A standup guy walking tall.
.

What to do? Hmm. What about throwing the issue into a miasma of bureaucratic paper shuffling so that nobody would notice what you were doing, and downtown scofflaws could actually be absolved, de jure as well as de facto?

In August, 2014 the City tried this pitch with the idea that the Noise ordinance would be updated along with great swaths of the existing land use law to make thing, you know, easier to figure out. But downtown noise played a prominent part in the discussion, if not really in the staff report. The council approved noise studies as a mechanism, a cynic might say, to avoid cracking down on Popoff, Jack Franklin’s Roscoe’s, and their ilk, because that is exactly what happened.

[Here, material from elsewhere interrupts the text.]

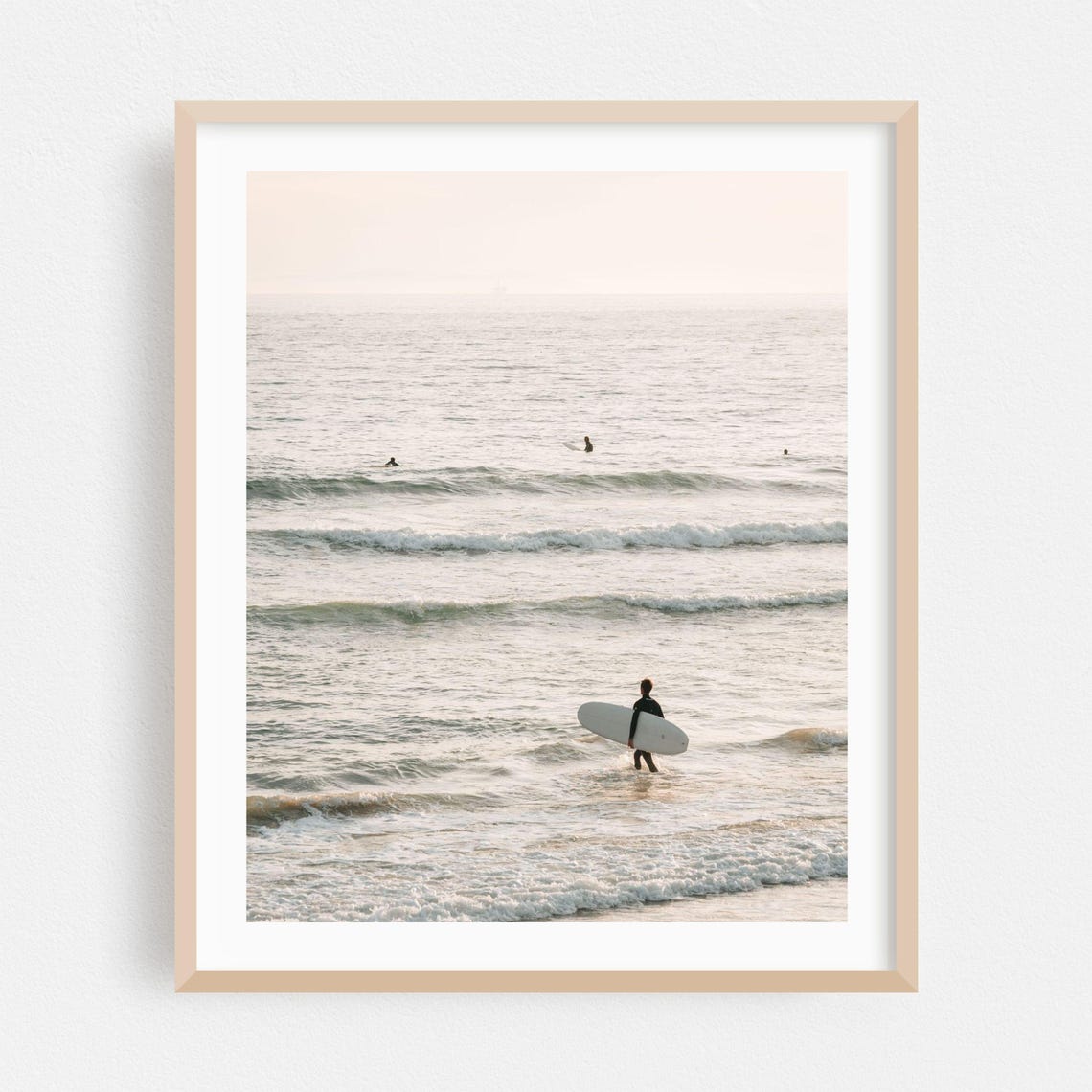 Newport Beach Surfer Wading Ocean Waves At Dawn Photo Poster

I’m not going to do my job and you can’t make me…

2015 rolled around and the Community Development “professionals,” led by newly minted Director Karen Haluza, were again yakking it up about revising the Code. Well, these things take time, you know, and in the late summer of 2016 the City Council finally got around to passing Ordinance 3232, a revised Code, still, with intent of instilling commonsense and clarity. The definition of amplified music was scratched out pending future action.

But whatever the motivation, the ever-shifting sands of sound gave the bureaucrats, aided and abetted by the perpetual dishonesty of City Attorney Dick Jones, the pretext they needed to bat away complaints about the illegal noise – because the issues was under study and consideration!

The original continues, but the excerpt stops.